From a jazz classic to a rock one and Paul Simon’s Graceland. There’s obviously no live-music equivalent to this album, beginning with the synthetic reverb on the opening drum hits. The performers are already in effect so enhanced by the mix itself, which contains so much electric, that I don’t want further enhancement by the equipment. Yet for all the processing, I’ve always found this a very pleasing, easy-on-the-ears album despite how “engineered” it obviously is, perhaps because it never loses a human connection, which is how the Koru reproduced it. With its mix of styles, instruments, genres, continents, and venues, it’s crazy that Simon manages to achieve a unity among these twelve songs. In the a cappella opening to “Diamonds on the soles of Her shoes,” the singers stretch across the soundstage (it actually seems to expand), but on “Homeless,” despite more singers (and, of course, different ones), the perspective is closer and more intimate. so many layers go into an album like this that it can’t possibly be as transparent or as tactile as For Duke, but that slight distance or veil if you will seems to suit a ruminative quality in Simon’s elusive lyrics, even when the music is up-tempo. I’ve listened to this album in whole or in part countless times, but rarely with more attention or greater enjoyment.

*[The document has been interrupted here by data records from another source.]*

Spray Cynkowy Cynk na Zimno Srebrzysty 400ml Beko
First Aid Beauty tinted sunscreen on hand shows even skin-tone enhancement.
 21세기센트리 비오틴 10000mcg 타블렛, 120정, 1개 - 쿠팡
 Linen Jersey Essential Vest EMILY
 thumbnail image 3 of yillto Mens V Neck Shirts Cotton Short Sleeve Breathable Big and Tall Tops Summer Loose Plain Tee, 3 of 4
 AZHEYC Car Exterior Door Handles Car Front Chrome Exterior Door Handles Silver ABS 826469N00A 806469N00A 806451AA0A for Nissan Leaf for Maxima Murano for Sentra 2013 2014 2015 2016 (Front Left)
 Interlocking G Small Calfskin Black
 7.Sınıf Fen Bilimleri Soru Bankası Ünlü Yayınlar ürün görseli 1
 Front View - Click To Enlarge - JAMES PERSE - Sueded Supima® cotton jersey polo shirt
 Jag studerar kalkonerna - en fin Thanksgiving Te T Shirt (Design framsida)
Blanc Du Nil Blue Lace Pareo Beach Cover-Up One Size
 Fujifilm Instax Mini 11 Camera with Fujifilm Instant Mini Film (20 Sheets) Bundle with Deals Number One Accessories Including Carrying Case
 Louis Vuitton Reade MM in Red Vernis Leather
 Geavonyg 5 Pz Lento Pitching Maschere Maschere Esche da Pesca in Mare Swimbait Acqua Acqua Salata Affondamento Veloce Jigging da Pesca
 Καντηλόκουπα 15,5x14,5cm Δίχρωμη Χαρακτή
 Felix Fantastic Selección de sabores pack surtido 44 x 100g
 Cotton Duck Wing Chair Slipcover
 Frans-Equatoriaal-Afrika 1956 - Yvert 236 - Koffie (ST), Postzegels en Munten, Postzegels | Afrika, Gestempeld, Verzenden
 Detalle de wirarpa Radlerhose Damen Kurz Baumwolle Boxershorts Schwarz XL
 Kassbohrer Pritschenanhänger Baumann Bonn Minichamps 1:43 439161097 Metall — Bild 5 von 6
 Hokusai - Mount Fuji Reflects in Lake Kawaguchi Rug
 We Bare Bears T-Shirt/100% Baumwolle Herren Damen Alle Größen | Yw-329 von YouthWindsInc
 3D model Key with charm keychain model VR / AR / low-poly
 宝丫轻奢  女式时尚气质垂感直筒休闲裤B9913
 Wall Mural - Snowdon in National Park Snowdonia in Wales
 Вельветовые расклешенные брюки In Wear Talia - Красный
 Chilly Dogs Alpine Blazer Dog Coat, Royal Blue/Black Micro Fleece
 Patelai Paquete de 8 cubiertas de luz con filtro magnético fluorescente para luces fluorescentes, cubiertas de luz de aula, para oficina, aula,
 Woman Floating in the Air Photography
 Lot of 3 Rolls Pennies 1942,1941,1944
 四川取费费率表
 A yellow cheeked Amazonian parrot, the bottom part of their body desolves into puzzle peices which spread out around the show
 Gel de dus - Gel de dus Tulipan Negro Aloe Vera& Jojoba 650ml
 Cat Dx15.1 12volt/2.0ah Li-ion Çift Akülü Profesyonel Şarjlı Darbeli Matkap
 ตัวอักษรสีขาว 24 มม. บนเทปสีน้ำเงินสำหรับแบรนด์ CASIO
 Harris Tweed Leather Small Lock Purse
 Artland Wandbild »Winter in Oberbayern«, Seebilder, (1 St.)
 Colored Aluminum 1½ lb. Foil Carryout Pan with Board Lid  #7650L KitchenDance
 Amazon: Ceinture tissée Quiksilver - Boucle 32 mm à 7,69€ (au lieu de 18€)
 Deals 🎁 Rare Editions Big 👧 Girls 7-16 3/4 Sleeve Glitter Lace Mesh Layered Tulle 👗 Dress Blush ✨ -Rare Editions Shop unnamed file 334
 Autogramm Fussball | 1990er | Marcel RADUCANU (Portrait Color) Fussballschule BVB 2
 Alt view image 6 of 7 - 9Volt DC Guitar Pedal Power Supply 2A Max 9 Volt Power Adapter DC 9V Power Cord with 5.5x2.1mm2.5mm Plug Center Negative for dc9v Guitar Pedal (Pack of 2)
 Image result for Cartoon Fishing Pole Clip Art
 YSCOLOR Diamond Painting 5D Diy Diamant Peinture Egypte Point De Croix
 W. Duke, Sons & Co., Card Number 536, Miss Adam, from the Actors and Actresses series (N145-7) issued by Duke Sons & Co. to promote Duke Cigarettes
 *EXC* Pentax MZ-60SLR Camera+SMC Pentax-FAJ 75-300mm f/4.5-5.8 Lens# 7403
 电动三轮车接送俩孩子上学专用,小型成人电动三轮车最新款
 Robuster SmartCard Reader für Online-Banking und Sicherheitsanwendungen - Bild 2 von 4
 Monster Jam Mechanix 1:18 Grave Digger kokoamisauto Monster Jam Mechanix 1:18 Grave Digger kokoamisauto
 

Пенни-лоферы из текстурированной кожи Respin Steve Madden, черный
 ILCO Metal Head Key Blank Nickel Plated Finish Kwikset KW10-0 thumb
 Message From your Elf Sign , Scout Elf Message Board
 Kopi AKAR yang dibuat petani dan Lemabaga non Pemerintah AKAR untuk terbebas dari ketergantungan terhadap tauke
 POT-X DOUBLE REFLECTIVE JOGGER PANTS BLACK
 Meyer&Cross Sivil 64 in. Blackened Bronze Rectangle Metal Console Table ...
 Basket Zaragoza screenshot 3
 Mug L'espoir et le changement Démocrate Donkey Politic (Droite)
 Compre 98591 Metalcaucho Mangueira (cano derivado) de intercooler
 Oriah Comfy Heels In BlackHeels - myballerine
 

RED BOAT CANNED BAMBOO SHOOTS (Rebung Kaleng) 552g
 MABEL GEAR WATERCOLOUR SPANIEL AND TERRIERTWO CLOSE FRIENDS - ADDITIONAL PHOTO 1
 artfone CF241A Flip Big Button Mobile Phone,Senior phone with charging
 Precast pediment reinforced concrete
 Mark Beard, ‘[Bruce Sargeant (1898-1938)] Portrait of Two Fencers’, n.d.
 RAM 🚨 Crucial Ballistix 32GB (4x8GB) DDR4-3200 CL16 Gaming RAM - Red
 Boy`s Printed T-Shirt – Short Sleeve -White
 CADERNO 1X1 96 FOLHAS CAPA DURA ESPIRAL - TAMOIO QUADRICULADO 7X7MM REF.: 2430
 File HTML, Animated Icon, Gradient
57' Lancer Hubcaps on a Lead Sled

I found Plinius’s Hautonga integrated amplifier, which I recently reviewed TAs 229), to be a component distinctly on the Yang side of neutral, not bright as such but with a slight bit of an etched character to it. I hear no evidence of that from the Koru, which leaves me impressed more than anything else with its ease and confidence. There are no readily discernible tonal anomalies up and down the scale, and it renders the highest of highs and the lowest of lows impartially, so far as my ears tell me. Listen to Rhapsodies, Stokowski’s great album of orchestral rhapsodies by Liszt and Enesco, where the doublebasses are powerfully resonant, well defined, yet not “tight” as such, which they never are in actuality. The Bernstein Carmen was every bit as thrilling as it should be, but with a difference that was entirely salutary: Without sacrificing an iota of the almost preternatural excitement of the sound on this remarkable recording, the presentation was much smoother in the highs than I’ve heard from some phonostages, which owed, I believe, at least in part to the proper loading. At the bottom end, where this recording can sound a little wooly, there was also a subtle but welcome impression of increased control and definition.

 

The Koru also did a superb job keeping the complex textures of Britten’s War Requiem clear as well as reproducing the composer’s spatial effects. As was so often the case, the very enterprising producer John Culshaw created a soundscape for the performance, with a boys’ chorus and an organ soloist separated off to the left and higher than the others, two male soloists toward the front and to the right, Britten’s chamber orchestra and the main chorus behind them and spread across the soundstage, while a soprano, intended to be off by herself and also higher, was placed on the left. Despite the deployment of the various forces in places throughout the hall that have their own microacoustics, as it were, the sense of an integrated space with an enveloping ambience comes through. Height cannot of course be realized in stereo, but the Koru replicated the composer’s spatial directions, which are integral to the music, and Culshaw’s aural landscape very persuasively; brass and tympani in the Die Irae were also quite stunningly registered in the famous Kingsway acoustic.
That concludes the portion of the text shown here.